(What you will do): Transcribe every line below exactly; no image goes into the output.

** Opening Raw data block **

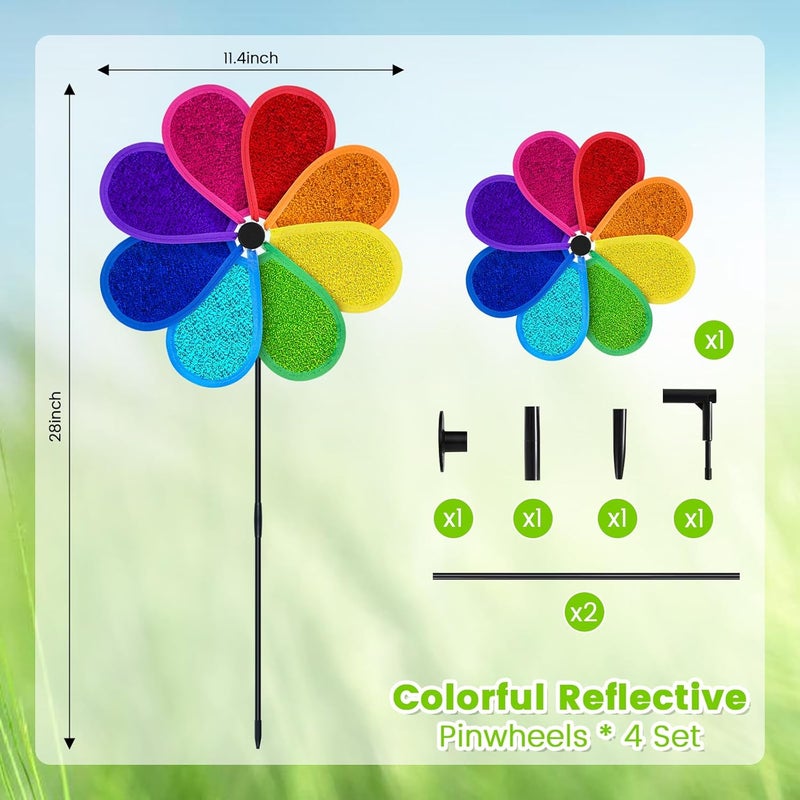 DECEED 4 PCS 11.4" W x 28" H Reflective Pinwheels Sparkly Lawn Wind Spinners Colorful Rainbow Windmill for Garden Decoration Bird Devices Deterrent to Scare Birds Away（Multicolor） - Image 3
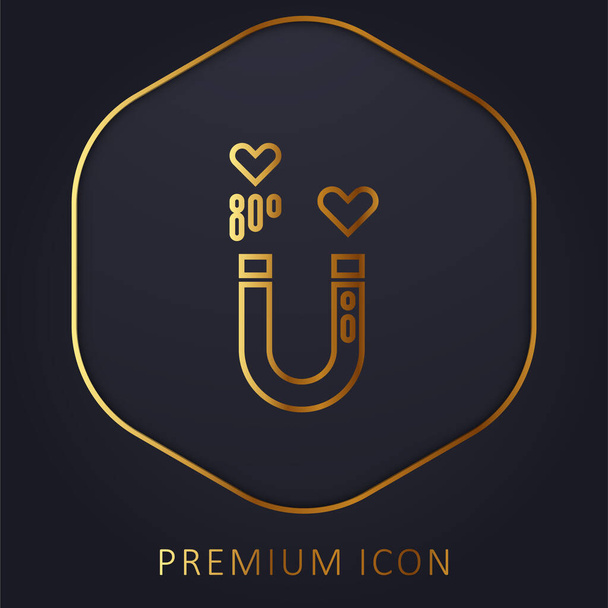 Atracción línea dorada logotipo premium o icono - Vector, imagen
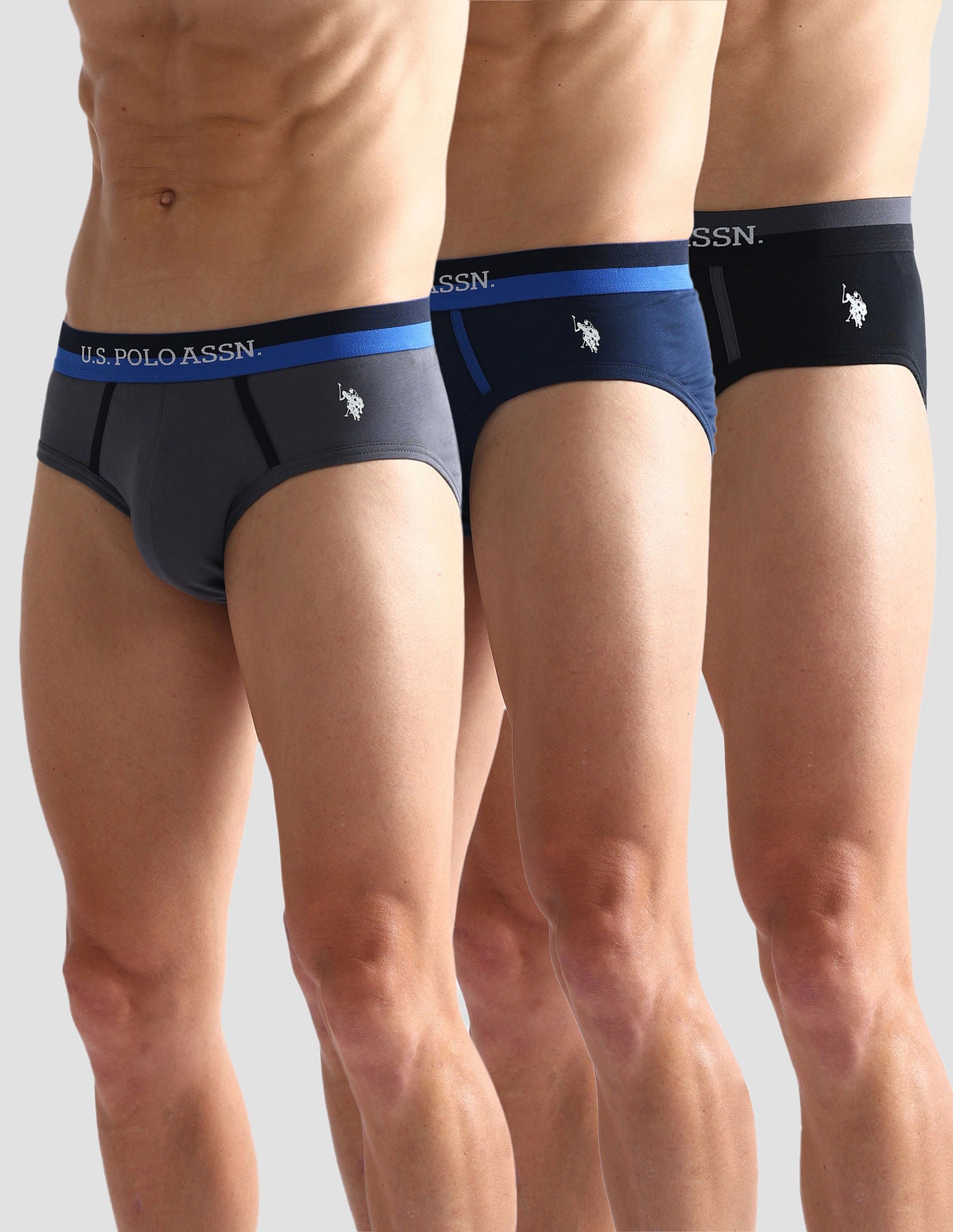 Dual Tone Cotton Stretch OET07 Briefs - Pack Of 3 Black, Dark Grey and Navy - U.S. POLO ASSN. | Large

** Closing Raw data block **

(Expected output):
 DECEED 4 PCS 11.4" W x 28" H Reflective Pinwheels Sparkly Lawn Wind Spinners Colorful Rainbow Windmill for Garden Decoration Bird Devices Deterrent to Scare Birds Away（Multicolor） - Image 3
 Atracción línea dorada logotipo premium o icono - Vector, imagen
 Dual Tone Cotton Stretch OET07 Briefs - Pack Of 3 Black, Dark Grey and Navy - U.S. POLO ASSN. | Large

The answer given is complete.